▸ **Work task**: Restrict the output to the lines below starting at the one that contains "Clothing Sets Christmas" and ending at the one that contains "12V 12 Way Fuse", and restate them word for word, both ends included.

*** Data for review ***

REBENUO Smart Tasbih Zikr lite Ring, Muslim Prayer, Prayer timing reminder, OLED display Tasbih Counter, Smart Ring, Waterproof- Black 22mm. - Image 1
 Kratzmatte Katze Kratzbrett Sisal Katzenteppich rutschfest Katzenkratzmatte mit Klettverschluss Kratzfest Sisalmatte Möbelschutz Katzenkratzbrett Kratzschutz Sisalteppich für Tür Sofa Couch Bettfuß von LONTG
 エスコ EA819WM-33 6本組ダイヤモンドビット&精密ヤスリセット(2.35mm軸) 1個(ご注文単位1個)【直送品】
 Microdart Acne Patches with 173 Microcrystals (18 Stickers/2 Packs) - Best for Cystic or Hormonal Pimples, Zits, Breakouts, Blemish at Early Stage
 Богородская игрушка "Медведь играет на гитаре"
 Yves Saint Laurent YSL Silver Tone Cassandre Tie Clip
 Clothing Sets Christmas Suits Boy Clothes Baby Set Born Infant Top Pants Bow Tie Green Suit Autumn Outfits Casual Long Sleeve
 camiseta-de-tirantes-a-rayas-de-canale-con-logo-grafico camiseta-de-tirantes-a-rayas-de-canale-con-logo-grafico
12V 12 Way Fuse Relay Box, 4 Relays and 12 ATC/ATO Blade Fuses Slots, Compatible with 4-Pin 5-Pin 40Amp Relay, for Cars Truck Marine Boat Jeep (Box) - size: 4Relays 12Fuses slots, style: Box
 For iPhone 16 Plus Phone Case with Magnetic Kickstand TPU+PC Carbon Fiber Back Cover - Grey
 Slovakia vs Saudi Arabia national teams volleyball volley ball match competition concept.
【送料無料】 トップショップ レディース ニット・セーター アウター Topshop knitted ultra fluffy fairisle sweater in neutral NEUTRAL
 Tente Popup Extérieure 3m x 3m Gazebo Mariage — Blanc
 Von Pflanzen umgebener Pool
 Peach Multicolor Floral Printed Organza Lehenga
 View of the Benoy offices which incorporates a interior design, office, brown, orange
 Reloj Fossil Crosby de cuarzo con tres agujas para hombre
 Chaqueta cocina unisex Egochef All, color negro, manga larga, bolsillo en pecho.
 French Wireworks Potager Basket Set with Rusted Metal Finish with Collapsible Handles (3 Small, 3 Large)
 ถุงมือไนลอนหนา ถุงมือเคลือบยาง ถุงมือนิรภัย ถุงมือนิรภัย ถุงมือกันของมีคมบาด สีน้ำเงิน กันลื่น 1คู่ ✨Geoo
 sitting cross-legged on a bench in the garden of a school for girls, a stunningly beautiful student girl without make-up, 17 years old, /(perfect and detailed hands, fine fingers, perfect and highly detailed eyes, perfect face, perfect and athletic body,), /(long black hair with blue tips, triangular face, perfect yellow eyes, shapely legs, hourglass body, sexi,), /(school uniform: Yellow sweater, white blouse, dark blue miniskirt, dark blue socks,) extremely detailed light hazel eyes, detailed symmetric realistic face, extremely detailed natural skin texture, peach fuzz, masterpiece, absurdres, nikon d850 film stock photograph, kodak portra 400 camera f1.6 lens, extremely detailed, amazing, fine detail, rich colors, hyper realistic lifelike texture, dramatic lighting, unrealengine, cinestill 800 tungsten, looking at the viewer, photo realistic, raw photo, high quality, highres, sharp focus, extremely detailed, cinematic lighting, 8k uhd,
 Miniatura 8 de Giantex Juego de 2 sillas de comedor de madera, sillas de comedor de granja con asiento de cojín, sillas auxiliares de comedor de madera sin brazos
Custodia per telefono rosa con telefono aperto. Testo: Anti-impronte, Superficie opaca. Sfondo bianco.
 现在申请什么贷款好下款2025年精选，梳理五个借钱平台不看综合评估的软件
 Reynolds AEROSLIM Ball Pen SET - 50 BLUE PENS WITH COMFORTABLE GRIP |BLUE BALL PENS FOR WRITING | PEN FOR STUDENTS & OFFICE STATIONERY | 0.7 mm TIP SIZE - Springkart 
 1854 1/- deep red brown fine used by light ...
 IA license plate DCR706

*** End of Data for review ***

▸ **Reply to the exercise**:
 Clothing Sets Christmas Suits Boy Clothes Baby Set Born Infant Top Pants Bow Tie Green Suit Autumn Outfits Casual Long Sleeve
 camiseta-de-tirantes-a-rayas-de-canale-con-logo-grafico camiseta-de-tirantes-a-rayas-de-canale-con-logo-grafico
12V 12 Way Fuse Relay Box, 4 Relays and 12 ATC/ATO Blade Fuses Slots, Compatible with 4-Pin 5-Pin 40Amp Relay, for Cars Truck Marine Boat Jeep (Box) - size: 4Relays 12Fuses slots, style: Box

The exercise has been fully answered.